*Records for this task*:
---

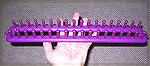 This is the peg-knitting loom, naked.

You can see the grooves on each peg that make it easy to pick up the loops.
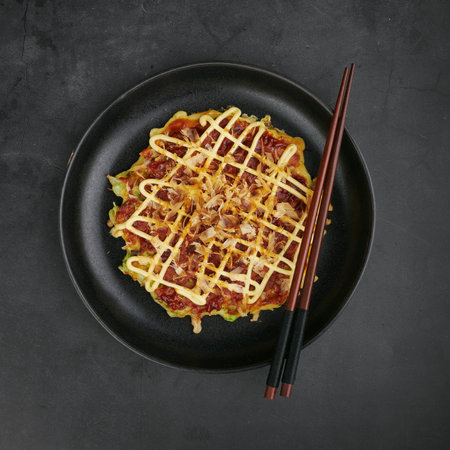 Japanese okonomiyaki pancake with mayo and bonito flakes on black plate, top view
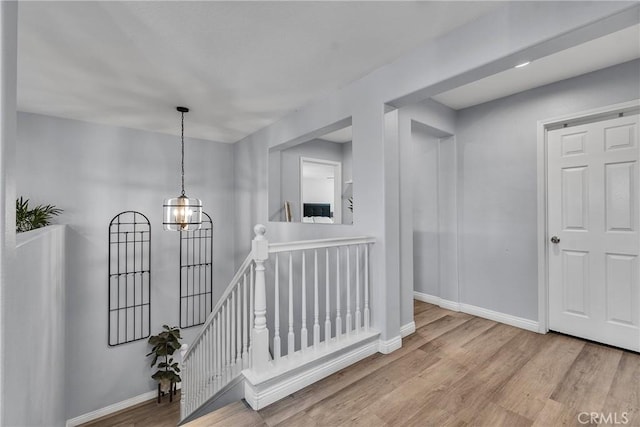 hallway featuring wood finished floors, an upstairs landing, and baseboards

---

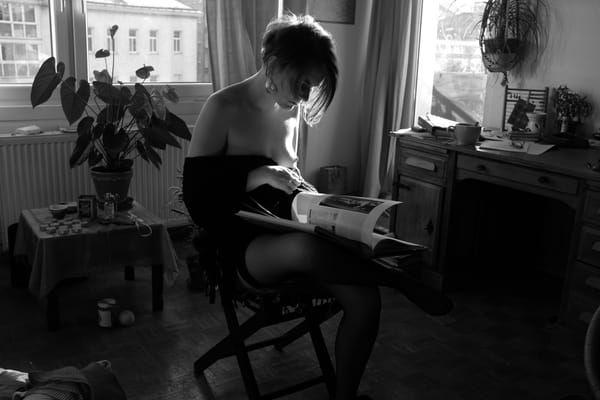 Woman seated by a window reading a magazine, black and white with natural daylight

---

Although pictures appear among the records above, none are to be output; print exactly the lines from the line containing "You can see" through the line containing "hallway featuring wood".

*Output for this exercise*:
You can see the grooves on each peg that make it easy to pick up the loops.
 Japanese okonomiyaki pancake with mayo and bonito flakes on black plate, top view
 hallway featuring wood finished floors, an upstairs landing, and baseboards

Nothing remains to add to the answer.